Don’t attack Oxbridge – we are not the root of the problem.
The news that a girl ‘rejected’ Oxford did the rounds of the press last week. She was lauded by self-styled anti-establishment types and decried by most of Oxbridge. It went straight onto the Guardian’s built-for-purpose ‘Oxbridge and Elitism’ section (yes, it exists).
I am actually sympathetic to Elly Nowell’s avowed dislike of ‘traditions and rituals’. It doesn’t seem like the best reason to choose your university, but there’s no reason why she should go anywhere she doesn’t want to go.
But the thing that really annoys me is the view of Oxbridge as being exceptionally ‘snobby’.
Now, it can’t be denied that Cambridge and Oxford both select primarily from a narrow socio-economic band. Leaving aside whose fault this is (although the best study suggests that it’s not Oxbridge’s), I could understand why someone not from a traditional Oxbridge background might feel put off. It is a real problem, and one that the outreach officer of every college in Oxford and Cambridge do a great job trying to reduce.
But the problem is misunderstood, and concealed by the press’s obsession with private-to-state ratios. Some of the most privileged people I know went to state school, some of the least, on a scholarship to private school.
The real scandal is in the small number of students (and applicants) who are not middle class. And this is best represented by a straight-forward measure of wealth – free school meals. Now, Oxbridge does score badly on this – but not significantly worse than many other universities.
Bristol, Exeter, Newcastle, Durham, Bath – the names never seem to crop up in conversations about elitism, yet their FSM numbers are very close to ours.
The problem is a big one, but it’s a social one not an Oxbridge one. The righteously angry get distracted by our nice chapels and silly gowns, and end up assuming that we’ve jumped on horses and ridden the plebs out of town.

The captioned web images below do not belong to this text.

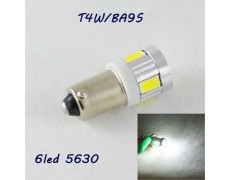 Автомобильная лампа SLS LED под цоколь T4W(BA9S) 6 светодиодов типа 5630 12 В. Белый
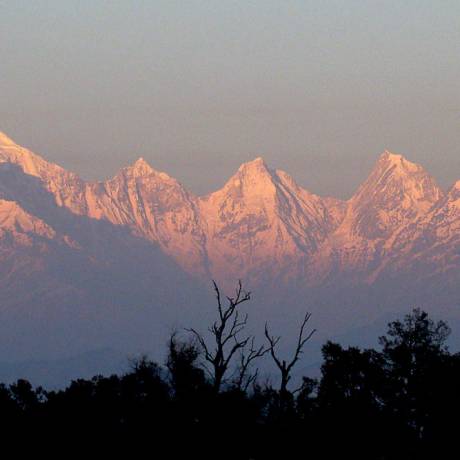 Five peaks of majestic Panchchuli massif are blazed during spectacular and mind-blowing sunset as captured from Munsiyari of Kumaon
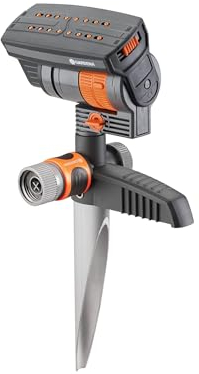 Gardena 18709-81 ZoomMaxx Oszillierender Regner auf Metall-Stufenspieß, grau, orange
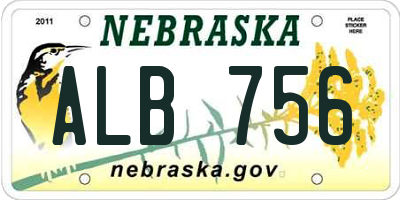 NE license plate ALB756
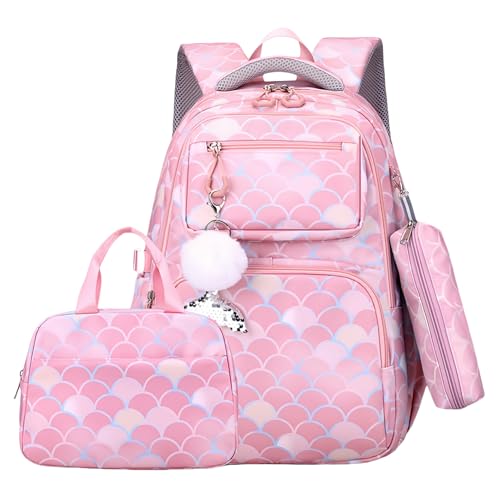 VIDOSCLA Kids Girls Elementary Backpack Students Book Bag Colorful School Bag for Girls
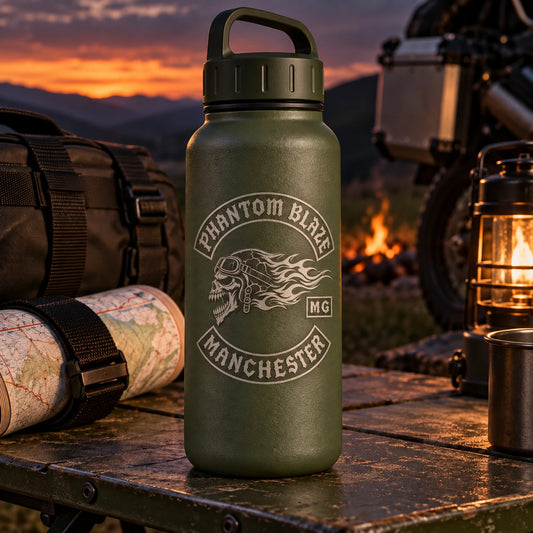 army green bottle with strong integrated carry loop prepared as motorcycle club riding gear.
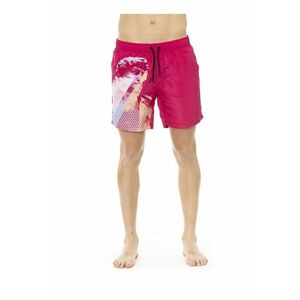 Pantaloni scurti de baie cu imprimeu si snur imagine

This anachronistic view is not just a pain in the arse. It relieves the pressure on the other universities, and on society in general, to right significant wrongs.
So long as people like Elly Nowell continue to assume that inequality is a function of nice stonework, it will persist where they have failed to see it. Don’t fool yourself by moving to UCL: you can’t change inequality with sarcasm.
All evidence is taken from The Sutton Report, which makes fascinating reading for data nerds.